This command will show which conda environment is active, marked with a * mark next to the path field, as shown below:

image

You should have at least one environment, named root, and this should be the one active.

In the case that your computer has an NVIDIA GPU, you should install package dependencies using following command:

conda env update -f .\aml_config\conda_dependencies_gpu.yml -n root

On the other hand, if your computer only has a CPU or a non-NVIDIA GPU, you should use the conda_dependencies.yml file instead of conda_dependencies_gpu.yml in previous command, meaning a command like the following:

conda env update -f .\aml_config\conda_dependencies.yml -n root

IMPORTANT NOTE: In many cases when installing the Python dependency packages, you get some errors. In that case (pretty common), close Workbench if you had it open, and try to run the same command again.

Once finished, you can make sure you have all the dependencies by re-running the same command and you will get many messages, one per requirement, saying "Requirement already satisfied:"

EXCEPTIONAL CASE: If after trying multiple times you still get errors, that is an exceptional and rare case. In this case, you might need to update Conda and all the environment packages, executing following command:

Optional command if you need to troubleshoot the dependencies installation:

conda update --all

After having the conda dependecies installed, you can check packages installed in current environment running the command:

conda list

You will see a list quite longer than the screenshot below:

image

As a recommendation, once the packages have been installed correctly, in case you had ML Workbench open, you should close Workbench and open it up again. This will cause Workbench to load the just installed dependencies.

Step 5: Preparing folders with sample item images for the model's training

You need a set of images/pictures in order to train the custom model. Those images have to be copied in a very specific folder structure within the \workbench\data folder.

Inside the workbench project folder, you should have a data folder with two folders within it named train and validation, for the training set and the validation set respectively.

As examples, we have set a few product types like frisbee, bracelet, thermometer, etc. with many pictures/photos related per type. You could add additional but similar item folders into both parent folders with your own images, following the same pattern shown in the screenshot below:

image

In the previous figure example, you can observe that the deep learning model will try to each image in one of those categories (labels).

Each folder in the training folder has a sibling folder in the validation folder, for instance, data/training/thermometer and data/validation/thermometer.

Inside each of these folders, you need to provide images appropriate for each label/type. At least, you need around 15 images per category/label and those images should be distributed between the train and validation folders with approximately 80% of the images within the training folder and 20% of the images within the validation folder.

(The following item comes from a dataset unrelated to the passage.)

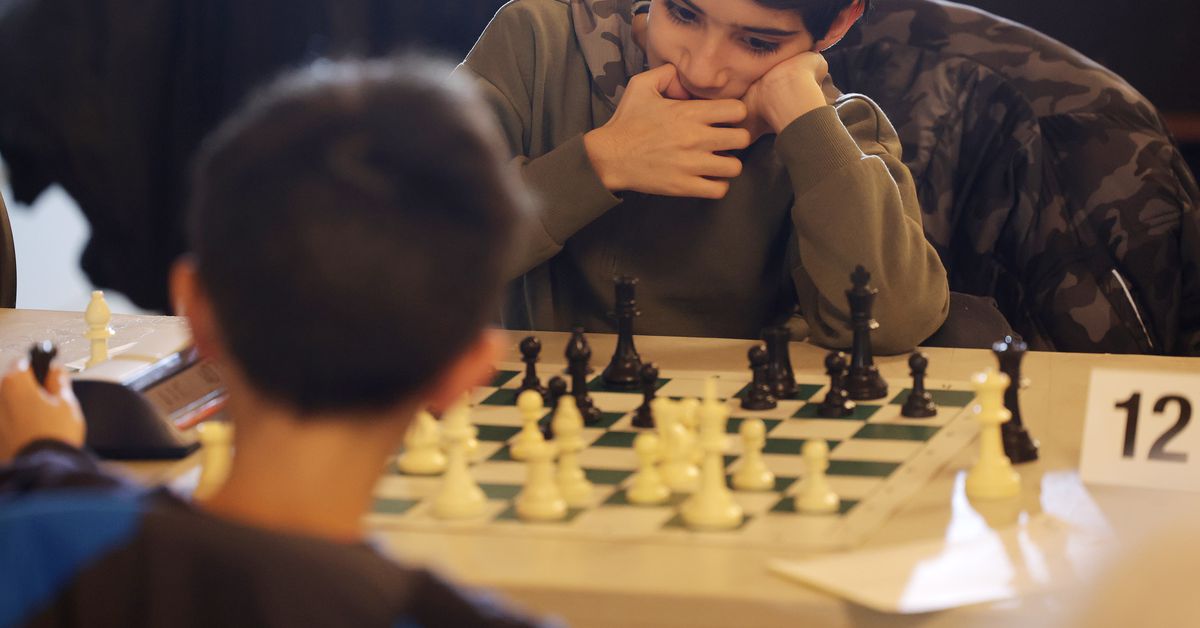 Why teens are suddenly obsessed with chess
buff.ly/3AEzpAr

For instance, the following screenshot is the folder's content related to the data\train\frisbee folder:

image

Note that you also have a sibling folder named data\validation\frisbee with additional frisbees.

You can provide as many labels/types as you want in the form of couples of folders and following the same naming schema already described. However, it is recommended that you first try/train with the provided images in our GitHub repo, so you confirm that your infrastructure is running properly. Afterwards, you can add your own labels and images.

TROUBLESHOOTING: We have found some issues if the name of the image files are too long. Also, make sure that the file extensions are right, for instance, they should be .png or .jpg.

Take into account that the total training time can be quite long (many minutes) if you are not using a GPU and depending on the number of image types to train.

Step 6: Train and generate your custom-model and labels/tags with ML Workbench and Keras+Python scripts

The aim of this scenario is to build a classification model based on a custom set of images. After deploying the file images to classify, you need to train a deep learning network and save the trained model in a file, which later will be consumed by the microservice.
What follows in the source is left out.